An aside. When I was a young boy, we played with yo-yos. In family lore, my mother’s cousin invented the yo-yo when he was in prison for theft in the thirties. When he was released, he founded what was then a famous toy company, Cheerio Toys. In truth, the yo-yo is an ancient toy. A Filipino actually introduced the yo-yo to America in the twenties. The message – Jews not only grew to fame based on innovation and entrepreneurship, but some also became infamous for their misdeeds. When I was a Toronto Daily Star newspaper delivery boy, I remember one day seeing the headlines of the pile of papers dropped off one day for me to deliver. The headline read: “Yo-yo king flees Canada for Israel.” My mother’s cousin had sought sanctuary from the Canadian taxman, not because he was being persecuted by anti-Semitism, but because he was being prosecuted for income tax evasion. So assimilation brought with it the fame and fortune of Al Jolson and the infamy of my mother’s cousin. Like the yo-yo, the fate of Jews goes up but also down and in the process one can see a diverse array of tricks.
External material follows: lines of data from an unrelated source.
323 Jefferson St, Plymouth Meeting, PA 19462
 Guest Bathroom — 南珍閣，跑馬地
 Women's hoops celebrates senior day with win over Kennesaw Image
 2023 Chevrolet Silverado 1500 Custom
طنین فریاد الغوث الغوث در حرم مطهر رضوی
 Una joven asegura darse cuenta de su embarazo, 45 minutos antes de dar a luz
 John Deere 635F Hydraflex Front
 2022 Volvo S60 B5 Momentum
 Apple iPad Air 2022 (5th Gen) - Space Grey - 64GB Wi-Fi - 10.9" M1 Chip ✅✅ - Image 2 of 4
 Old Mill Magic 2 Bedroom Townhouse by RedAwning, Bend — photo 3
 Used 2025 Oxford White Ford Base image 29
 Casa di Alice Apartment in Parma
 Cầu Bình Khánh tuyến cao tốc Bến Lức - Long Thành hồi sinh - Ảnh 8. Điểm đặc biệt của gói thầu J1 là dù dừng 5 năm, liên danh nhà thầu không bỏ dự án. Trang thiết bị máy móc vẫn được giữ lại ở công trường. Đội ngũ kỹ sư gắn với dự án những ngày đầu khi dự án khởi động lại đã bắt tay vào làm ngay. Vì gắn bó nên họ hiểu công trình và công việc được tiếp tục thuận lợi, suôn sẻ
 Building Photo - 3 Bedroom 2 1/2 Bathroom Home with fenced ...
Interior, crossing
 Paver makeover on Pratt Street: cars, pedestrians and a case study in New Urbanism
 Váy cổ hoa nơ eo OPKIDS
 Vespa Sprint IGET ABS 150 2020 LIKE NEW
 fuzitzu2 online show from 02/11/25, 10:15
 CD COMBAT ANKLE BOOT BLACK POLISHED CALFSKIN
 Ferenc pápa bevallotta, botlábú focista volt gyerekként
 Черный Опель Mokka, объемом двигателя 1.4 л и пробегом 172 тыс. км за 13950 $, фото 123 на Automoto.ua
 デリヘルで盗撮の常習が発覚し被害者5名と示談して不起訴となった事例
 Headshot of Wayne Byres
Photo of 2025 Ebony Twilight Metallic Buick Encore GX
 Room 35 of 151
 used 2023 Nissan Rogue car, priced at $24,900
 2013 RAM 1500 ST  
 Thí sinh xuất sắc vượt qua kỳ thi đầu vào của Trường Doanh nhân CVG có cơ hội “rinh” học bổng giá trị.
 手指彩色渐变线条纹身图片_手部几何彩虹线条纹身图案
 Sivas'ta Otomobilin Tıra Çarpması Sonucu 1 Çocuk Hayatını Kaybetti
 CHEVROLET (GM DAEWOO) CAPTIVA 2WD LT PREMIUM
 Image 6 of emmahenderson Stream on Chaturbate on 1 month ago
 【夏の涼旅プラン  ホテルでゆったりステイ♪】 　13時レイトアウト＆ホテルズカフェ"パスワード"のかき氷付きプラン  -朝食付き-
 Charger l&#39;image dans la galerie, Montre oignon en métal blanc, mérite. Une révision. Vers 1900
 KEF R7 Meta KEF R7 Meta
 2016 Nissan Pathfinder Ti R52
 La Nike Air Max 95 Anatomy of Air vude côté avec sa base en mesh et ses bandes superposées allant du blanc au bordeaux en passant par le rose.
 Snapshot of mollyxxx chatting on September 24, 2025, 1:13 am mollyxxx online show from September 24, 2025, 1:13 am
Was the increasing rate of intermarriage a sign of going up or a sign of decline and disarray? After all, in 1927, Evelyn Waugh had published his novel, Decline and Fall. At the same time, Lady Chattterley’s Lover was being banned in Canada, the UK and the U.S. (A.A. Milne’s The House of Pooh Corner was published that same year, but its significance for Jews and the subject of intermarriage must await a blog far into the future.) Forty years later, Phillip Roth published Portnoy’s Complaint that Professor David Weinfeld in his lecture on intermarriage in pop culture pronounced as his favourite novel. That book had a very different take on Jewish-Gentile inter-ethnic sexual relations than The Jolson Story. In my next blog on intermarriage I will discuss Portnoy’s Complaint in comparison to another work forty years earlier at the same time as The Jolson Story, Abie’s Irish Rose.
But that blog may come in two weeks when I return to Toronto. In the interim, I am sure that the panels of the Association for Israeli Studies, for which I have to leave now, will provide plenty of subject matter for my blogs.